WORK ORDER: From the records below, copy out exactly the lines from the one containing "开丰娱乐乙833_43：珠宝美学之巅：如何选择最合适的珠宝首饰？" to the one containing "Solve Do you", both included. Add nothing else.

INFORMATION:
- - -

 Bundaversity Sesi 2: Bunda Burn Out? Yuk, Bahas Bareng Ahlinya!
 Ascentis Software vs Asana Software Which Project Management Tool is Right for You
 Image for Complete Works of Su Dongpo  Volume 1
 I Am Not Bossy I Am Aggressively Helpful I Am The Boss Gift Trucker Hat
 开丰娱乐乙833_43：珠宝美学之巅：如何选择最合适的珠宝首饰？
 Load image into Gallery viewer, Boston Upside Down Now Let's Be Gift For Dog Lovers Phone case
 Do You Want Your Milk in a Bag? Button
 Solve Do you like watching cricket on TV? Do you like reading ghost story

- - -

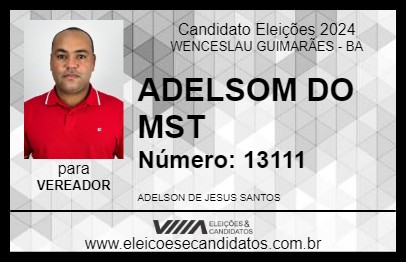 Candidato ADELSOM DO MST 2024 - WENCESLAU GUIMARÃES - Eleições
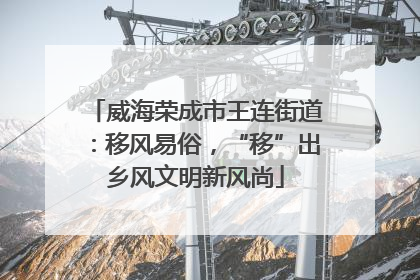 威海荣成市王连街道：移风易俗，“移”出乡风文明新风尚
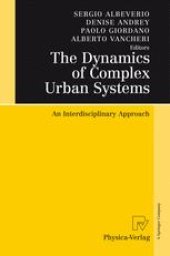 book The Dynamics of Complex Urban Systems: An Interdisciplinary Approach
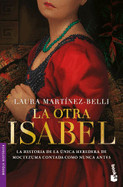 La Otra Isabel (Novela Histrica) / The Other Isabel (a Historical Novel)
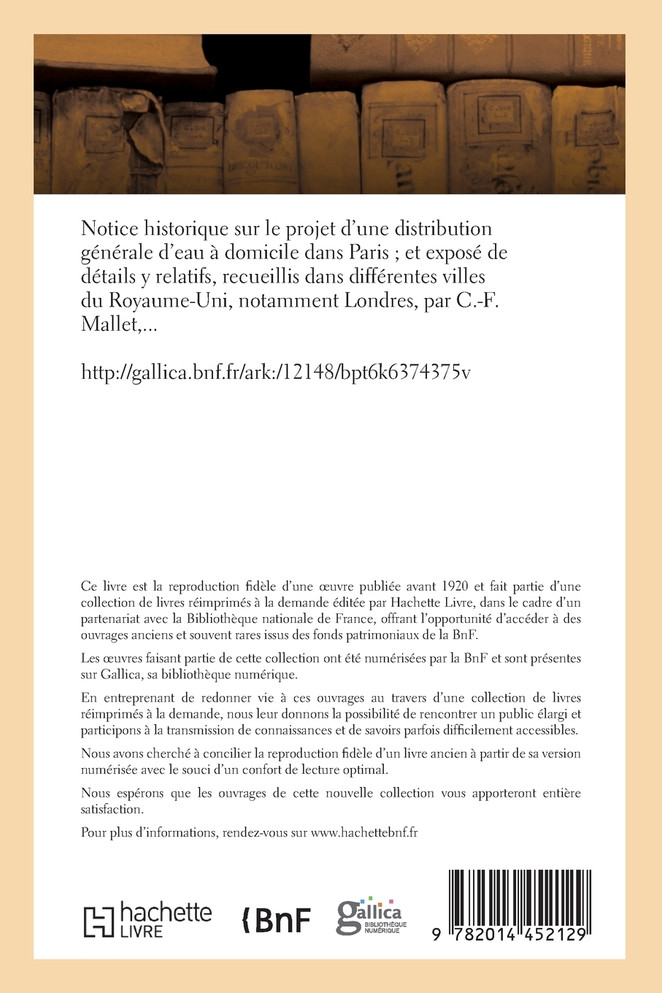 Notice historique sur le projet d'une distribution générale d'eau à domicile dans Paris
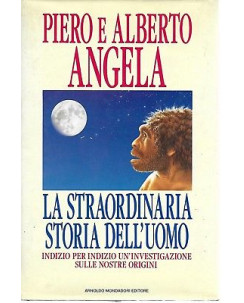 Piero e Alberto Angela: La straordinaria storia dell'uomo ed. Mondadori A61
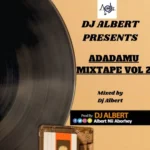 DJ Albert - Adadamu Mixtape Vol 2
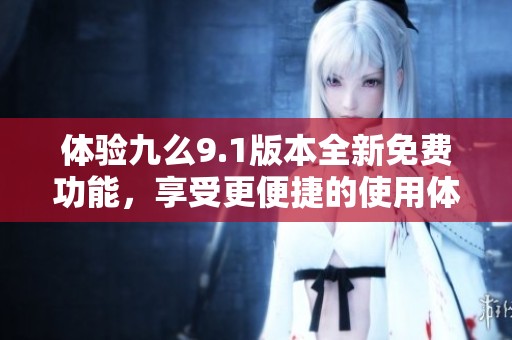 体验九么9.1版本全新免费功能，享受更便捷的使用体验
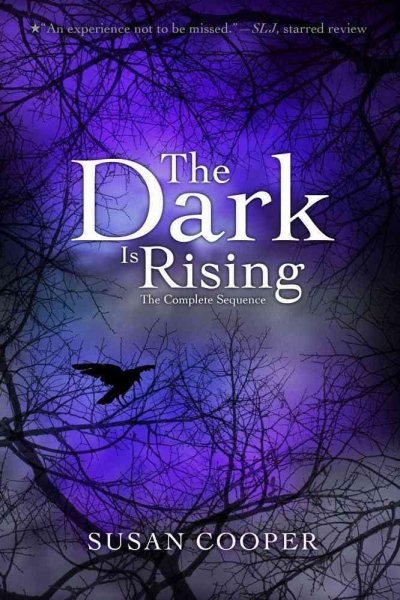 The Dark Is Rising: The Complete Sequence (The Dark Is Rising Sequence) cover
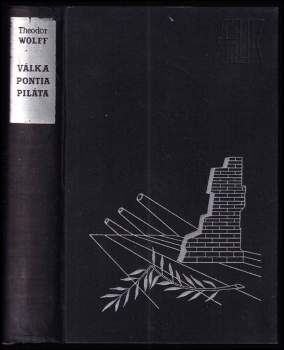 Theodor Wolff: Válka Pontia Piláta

- - -

PROBLEM SOLUTION:
 开丰娱乐乙833_43：珠宝美学之巅：如何选择最合适的珠宝首饰？
 Load image into Gallery viewer, Boston Upside Down Now Let's Be Gift For Dog Lovers Phone case
 Do You Want Your Milk in a Bag? Button
 Solve Do you like watching cricket on TV? Do you like reading ghost story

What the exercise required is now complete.